Work to complete ->
Please return the listing below exactly, without any of its pictures.

Records ->
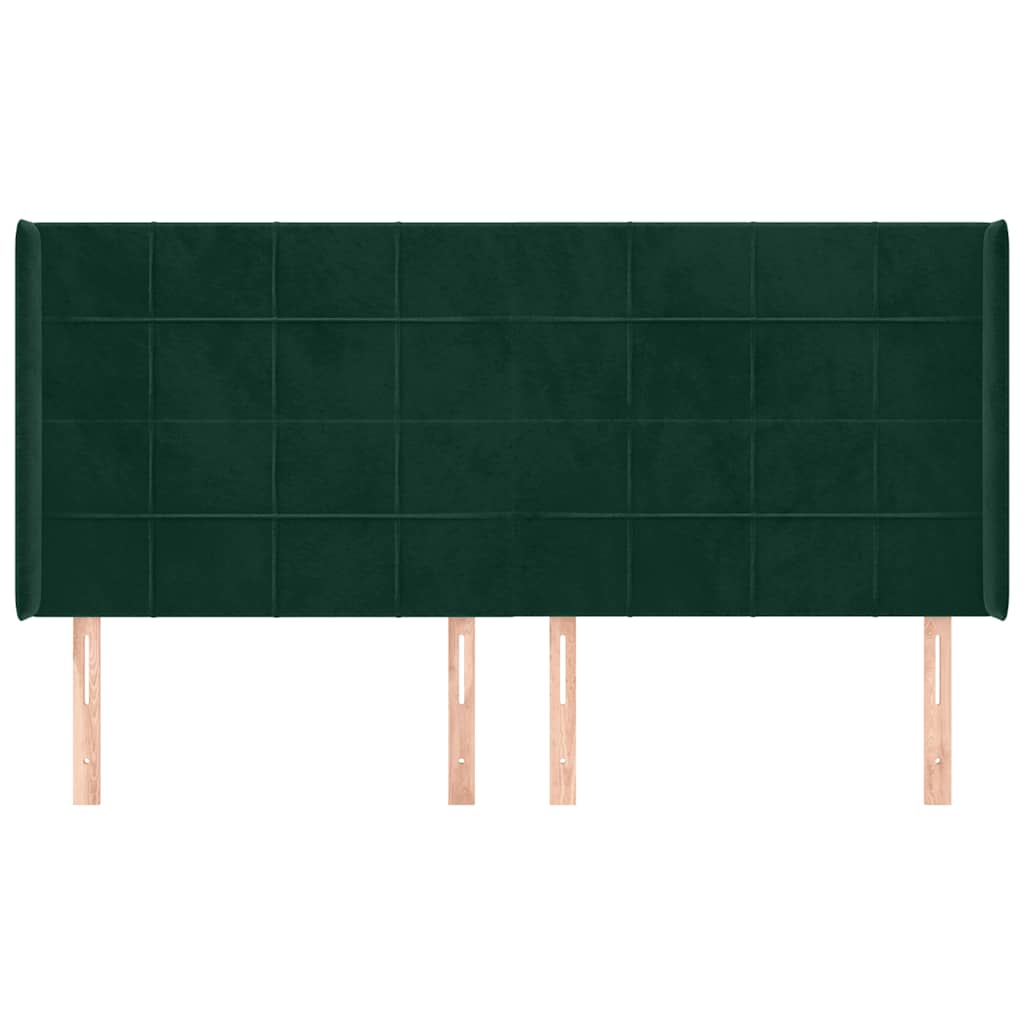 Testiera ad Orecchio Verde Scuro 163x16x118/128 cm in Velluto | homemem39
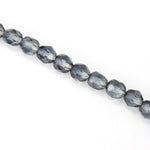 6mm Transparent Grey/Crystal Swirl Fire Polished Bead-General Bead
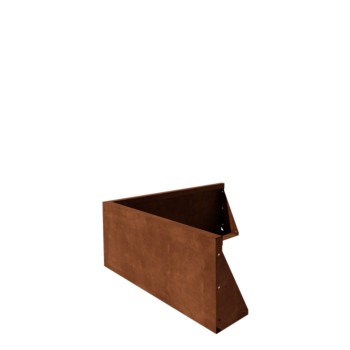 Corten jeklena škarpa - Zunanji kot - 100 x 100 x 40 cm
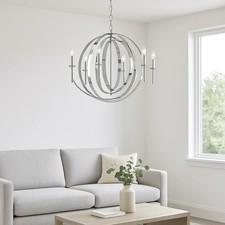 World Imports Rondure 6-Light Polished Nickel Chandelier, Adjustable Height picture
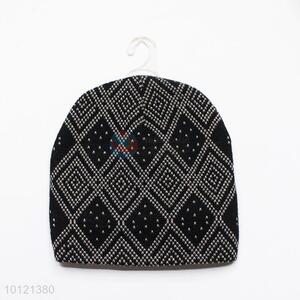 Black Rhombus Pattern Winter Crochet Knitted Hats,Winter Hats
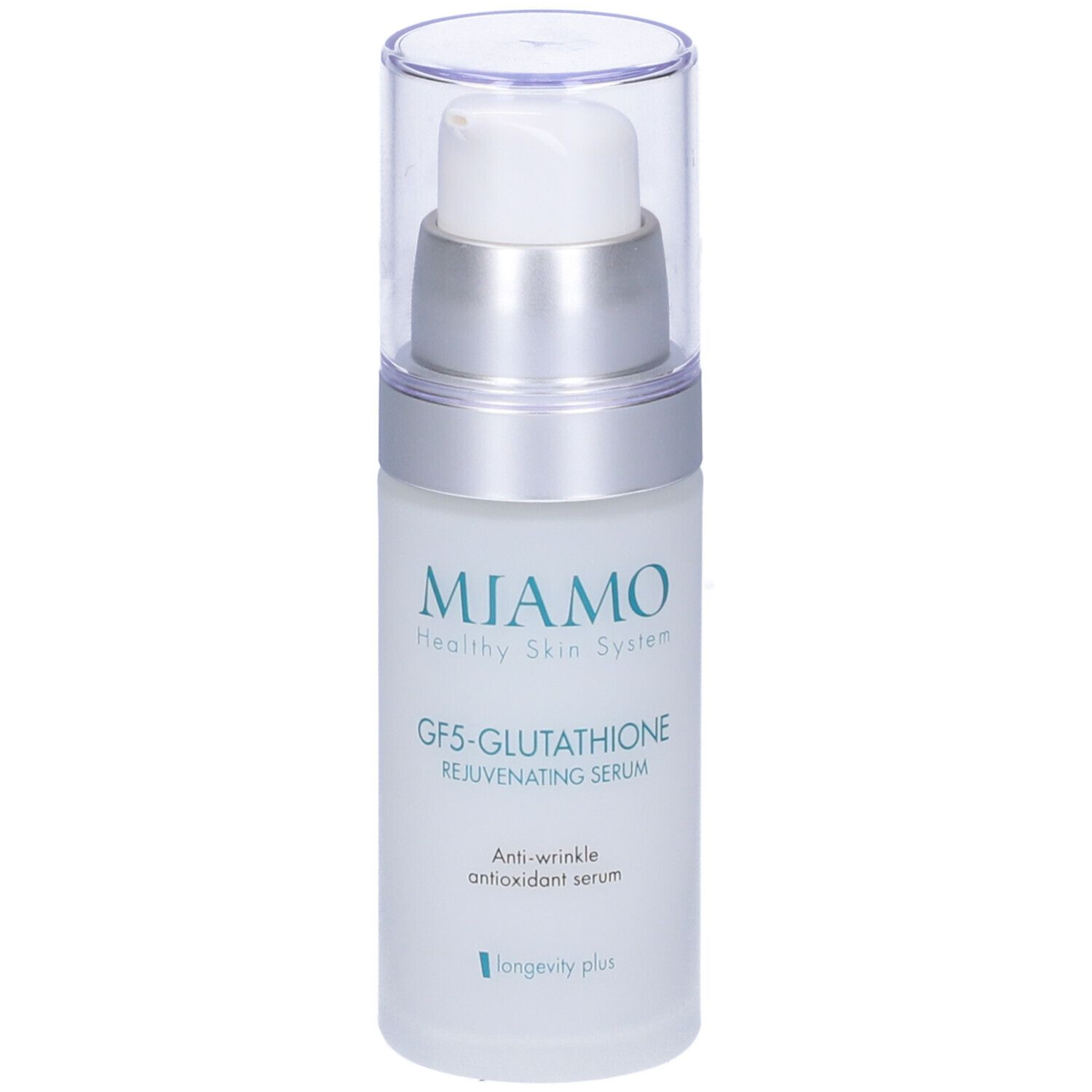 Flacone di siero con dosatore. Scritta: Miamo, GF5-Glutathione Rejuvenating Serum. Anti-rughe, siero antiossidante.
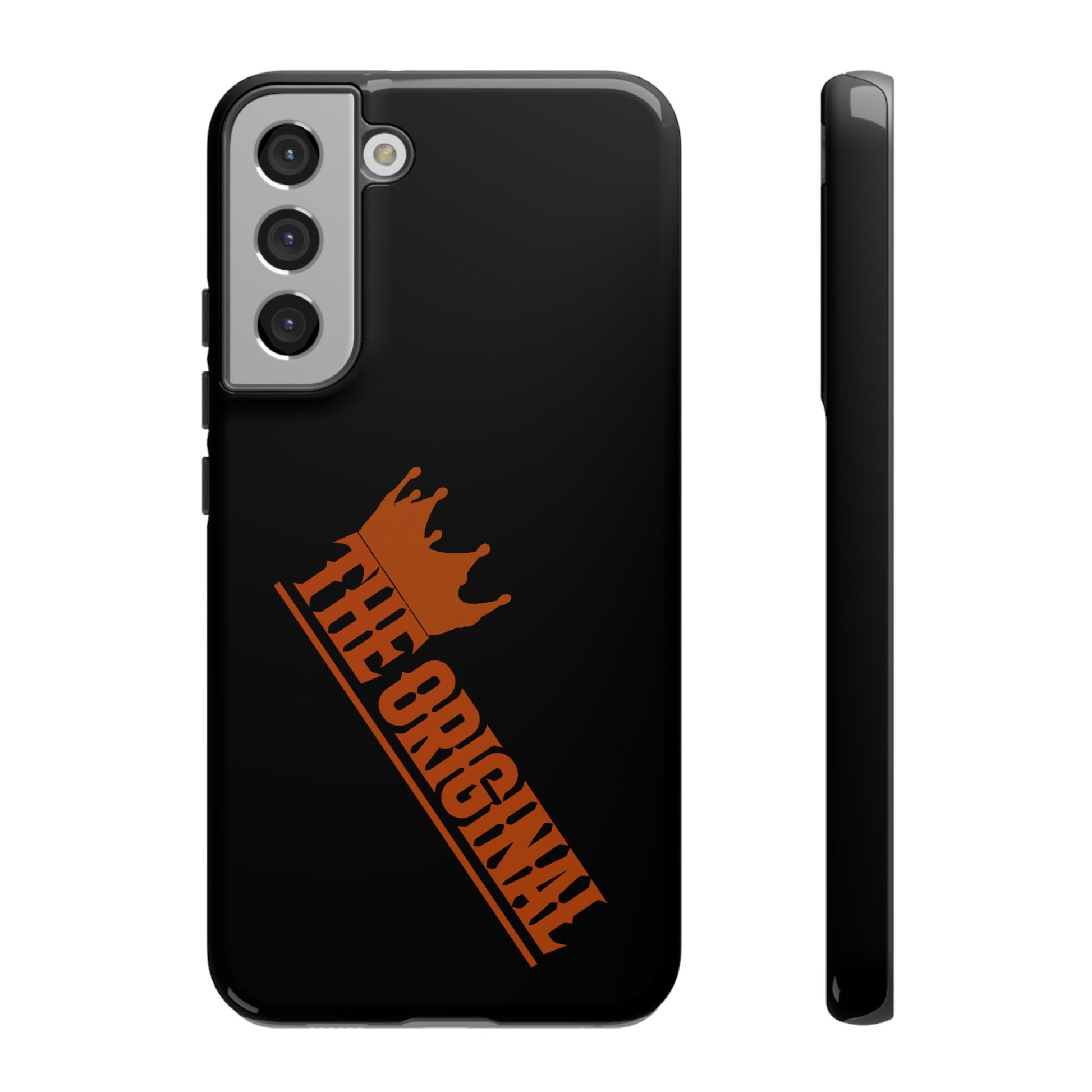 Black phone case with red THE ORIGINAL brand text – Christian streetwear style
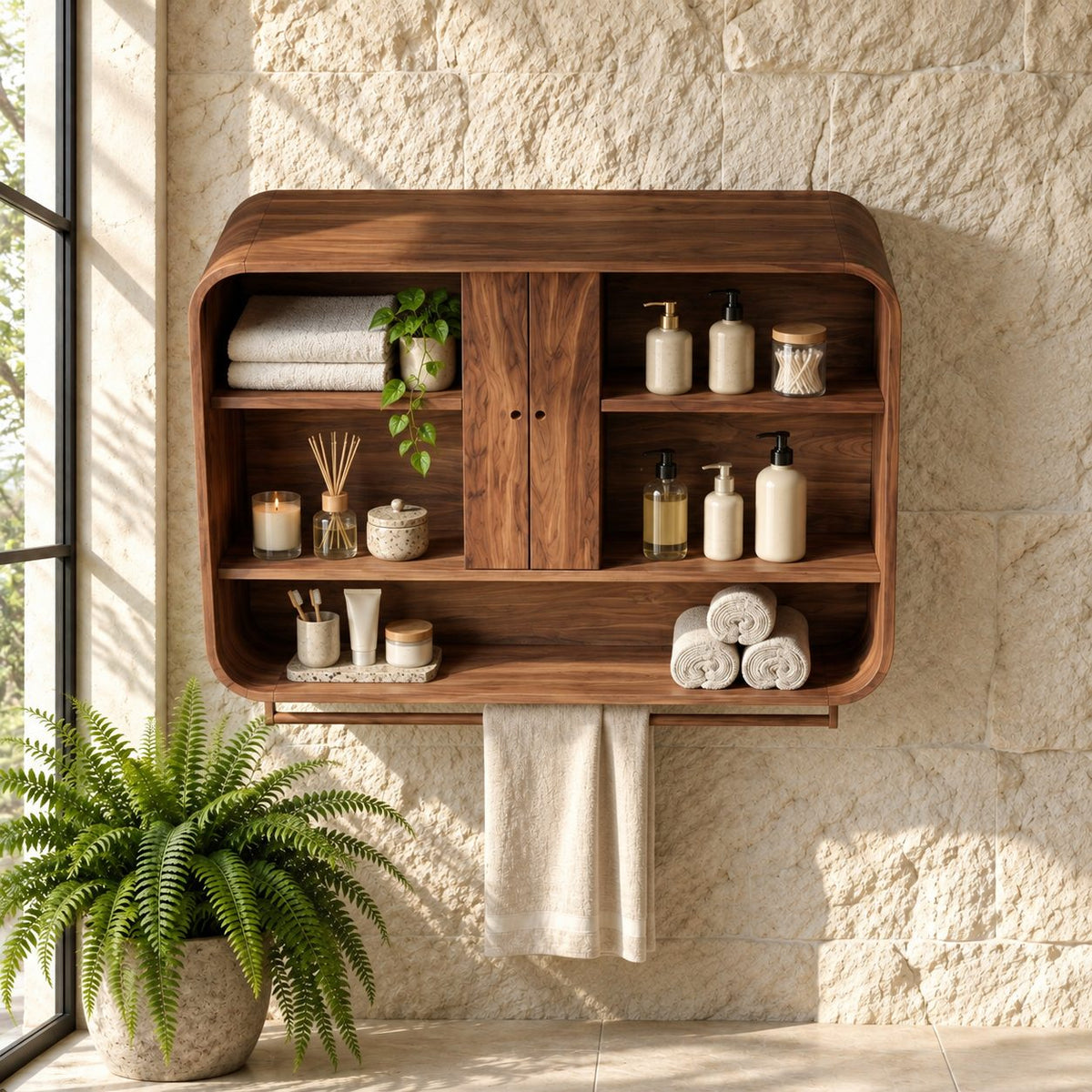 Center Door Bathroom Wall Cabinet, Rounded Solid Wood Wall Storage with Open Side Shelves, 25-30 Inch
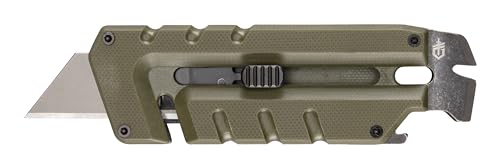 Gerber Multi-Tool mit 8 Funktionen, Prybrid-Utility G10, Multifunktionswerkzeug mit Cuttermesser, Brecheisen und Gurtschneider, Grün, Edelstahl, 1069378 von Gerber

Completed exercise ->
 Testiera ad Orecchio Verde Scuro 163x16x118/128 cm in Velluto | homemem39
 6mm Transparent Grey/Crystal Swirl Fire Polished Bead-General Bead
 Corten jeklena škarpa - Zunanji kot - 100 x 100 x 40 cm
 World Imports Rondure 6-Light Polished Nickel Chandelier, Adjustable Height picture
 Black Rhombus Pattern Winter Crochet Knitted Hats,Winter Hats
 Flacone di siero con dosatore. Scritta: Miamo, GF5-Glutathione Rejuvenating Serum. Anti-rughe, siero antiossidante.
 Black phone case with red THE ORIGINAL brand text – Christian streetwear style
 Center Door Bathroom Wall Cabinet, Rounded Solid Wood Wall Storage with Open Side Shelves, 25-30 Inch
 Gerber Multi-Tool mit 8 Funktionen, Prybrid-Utility G10, Multifunktionswerkzeug mit Cuttermesser, Brecheisen und Gurtschneider, Grün, Edelstahl, 1069378 von Gerber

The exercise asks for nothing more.